12. If through an impossibility he who confessed was not contrite, or the priest did not absolve seriously, but in a jocose manner, if nevertheless he believes that he has been absolved, he is most truly absolved.
13. In the sacrament of penance and the remission of sin the pope or the bishop does no more than the lowest priest; indeed, where there is no priest, any Christian, even if a woman or child, may equally do as much.
14. No one ought to answer a priest that he is contrite, nor should the priest inquire.
15. Great is the error of those who approach the sacrament of the Eucharist relying on this, that they have confessed, that they are not conscious of any mortal sin, that they have sent their prayers on ahead and made preparations; all these eat and drink judgment to themselves.

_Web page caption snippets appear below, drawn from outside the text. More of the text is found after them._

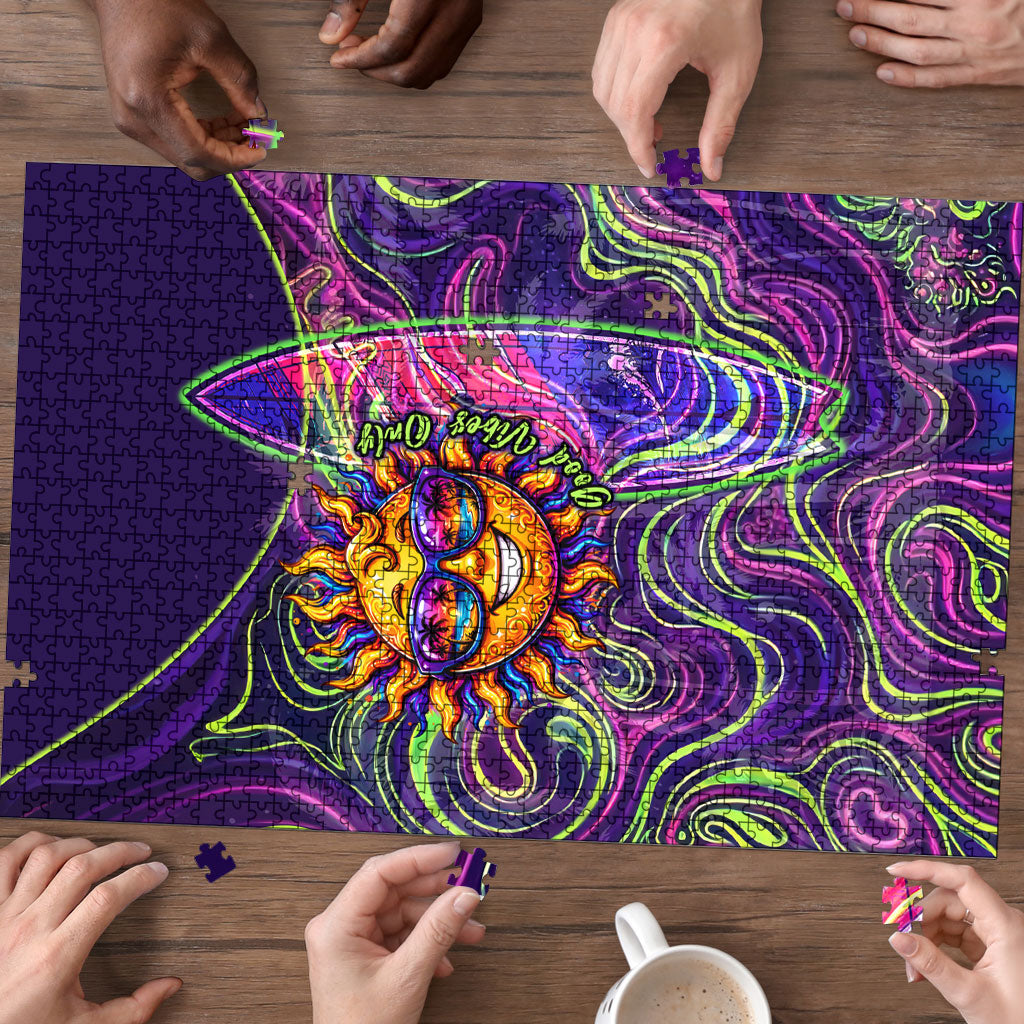 Waimanalo Hawaii Sun Rabbit Puzzle Psychedelic Trippy Neon Swirl Graphic TS04 - Polynesian Pride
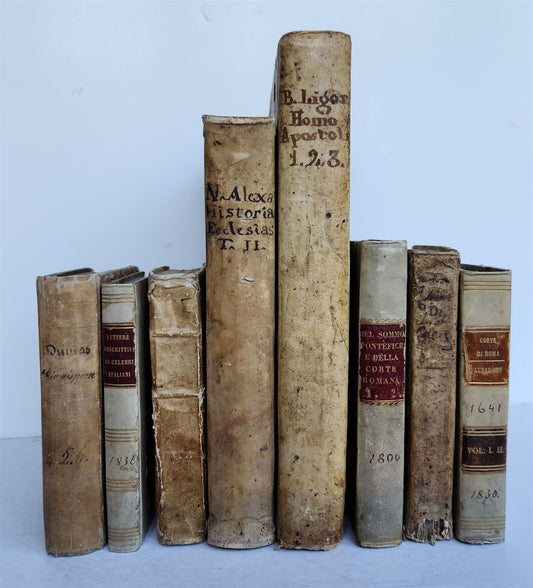 18th CENTURY LOT of 10 antique VELLUM BOUND BOOKS decorative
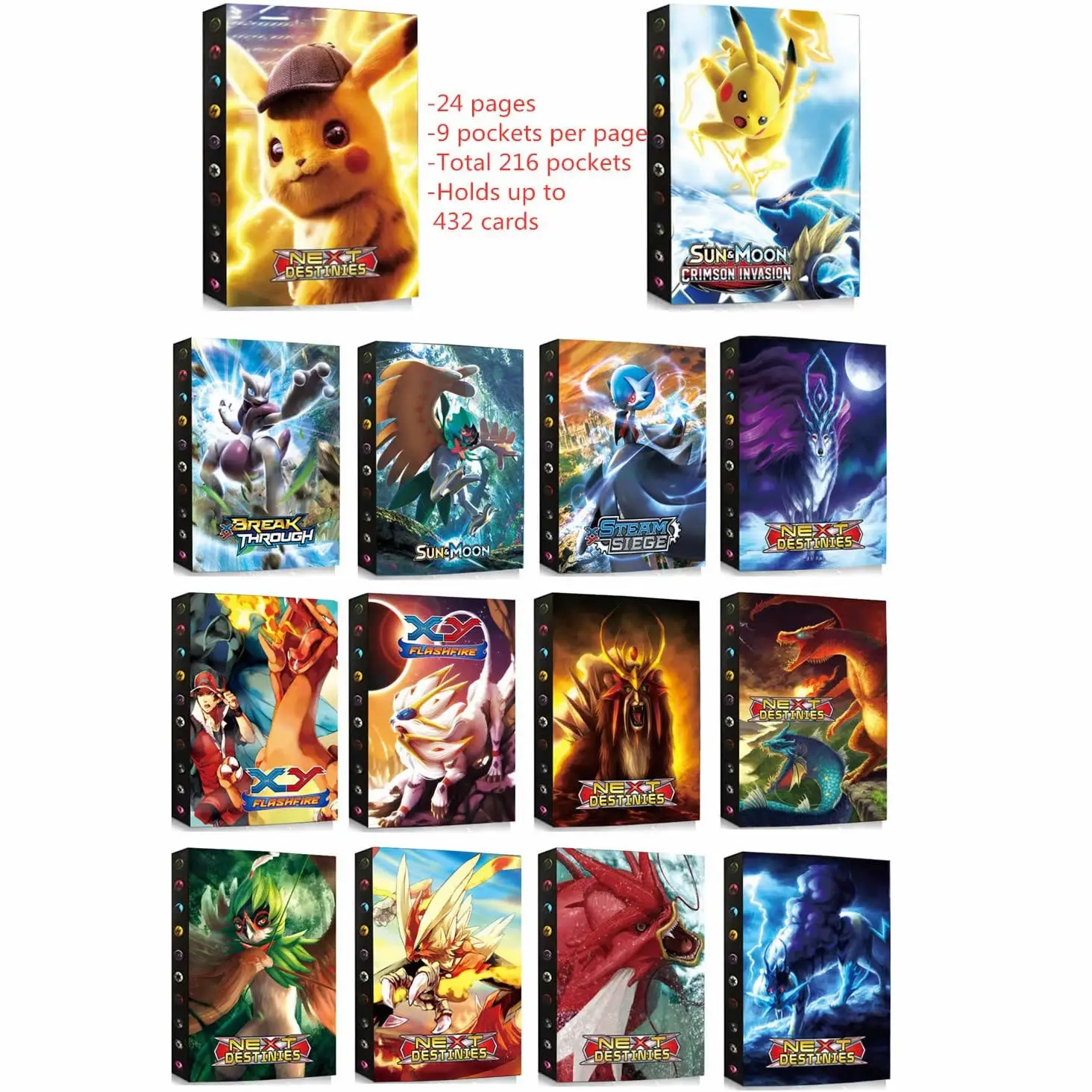 &Aacute;lbum de Pok&eacute;mon para ni&ntilde;os, carpeta de tarjetas de 9 bolsillos, soporte de mapa, colecciones de personajes de videojuego, juguete para regalo, 432 Uds.-5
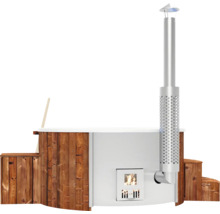 Bain nordique chauffé au bois avec cheminée et revêtement en bois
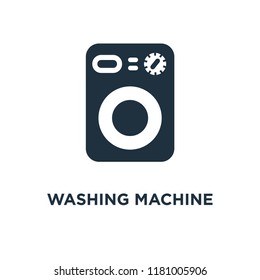 Washing machine icon. Black filled vector illustration. Washing machine symbol on white background. Can be used in web and mobile.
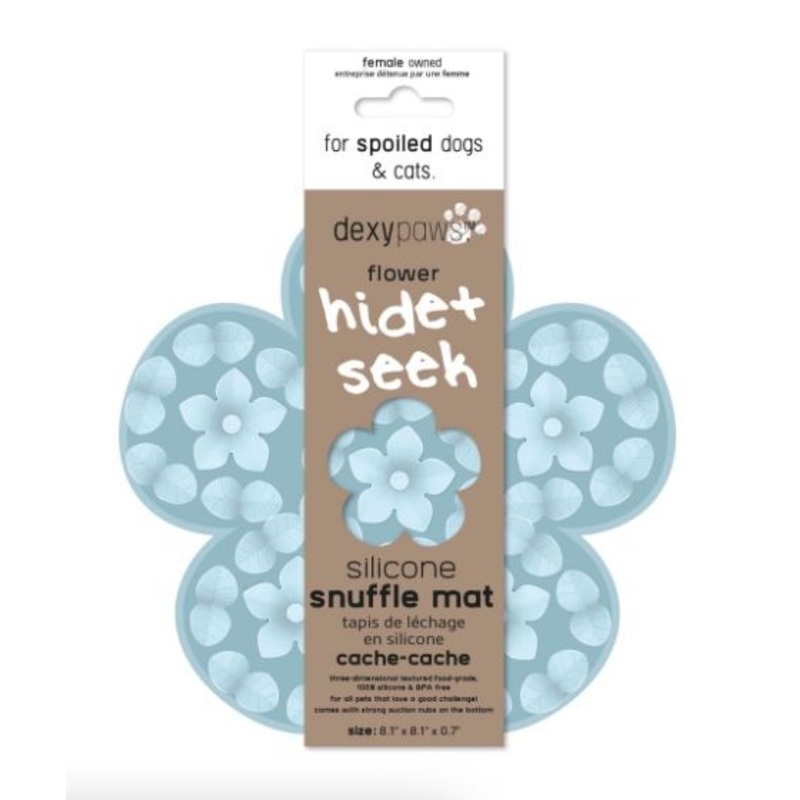 Dexypaws Flower Hide and Seek Silicone Snuffle Mat, Sky Blue Cat & Dog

But if they believe and trust that they will attain grace, then this faith alone makes them pure and worthy.
16. It seems to have been decided that the Church in common Council established that the laity should communicate under both species; the Bohemians who communicate under both species are not heretics, but schismatics.
17. The treasures of the Church, from which the pope grants indulgences, are not the merits of Christ and of the saints.
18. Indulgences are pious frauds of the faithful, and remissions of good works; and they are among the number of those things which are allowed, and not of the number of those which are advantageous.
19. Indulgences are of no avail to those who truly gain them, for the remission of the penalty due to actual sin in the sight of divine justice.
20. They are seduced who believe that indulgences are salutary and useful for the fruit of the spirit.
21. Indulgences are necessary only for public crimes, and are properly conceded only to the harsh and impatient.
22. For six kinds of men indulgences are neither necessary nor useful; namely, for the dead and those about to die, the infirm, those legitimately hindered, and those who have not committed crimes, and those who have committed crimes, but not public ones, and those who devote themselves to better things.
23. Excommunications are only external penalties and they do not deprive man of the common spiritual prayers of the Church.
24. Christians must be taught to cherish excommunications rather than to fear them.
25. The Roman Pontiff, the successor of Peter, is not the vicar of Christ over all the churches of the entire world, instituted by Christ Himself in blessed Peter.
26. The word of Christ to Peter: “Whatsoever you shall loose on earth,” etc., is extended merely to those things bound by Peter himself.
27. It is certain that it is not in the power of the Church or the pope to decide upon the articles of faith, and much less concerning the laws for morals or for good works.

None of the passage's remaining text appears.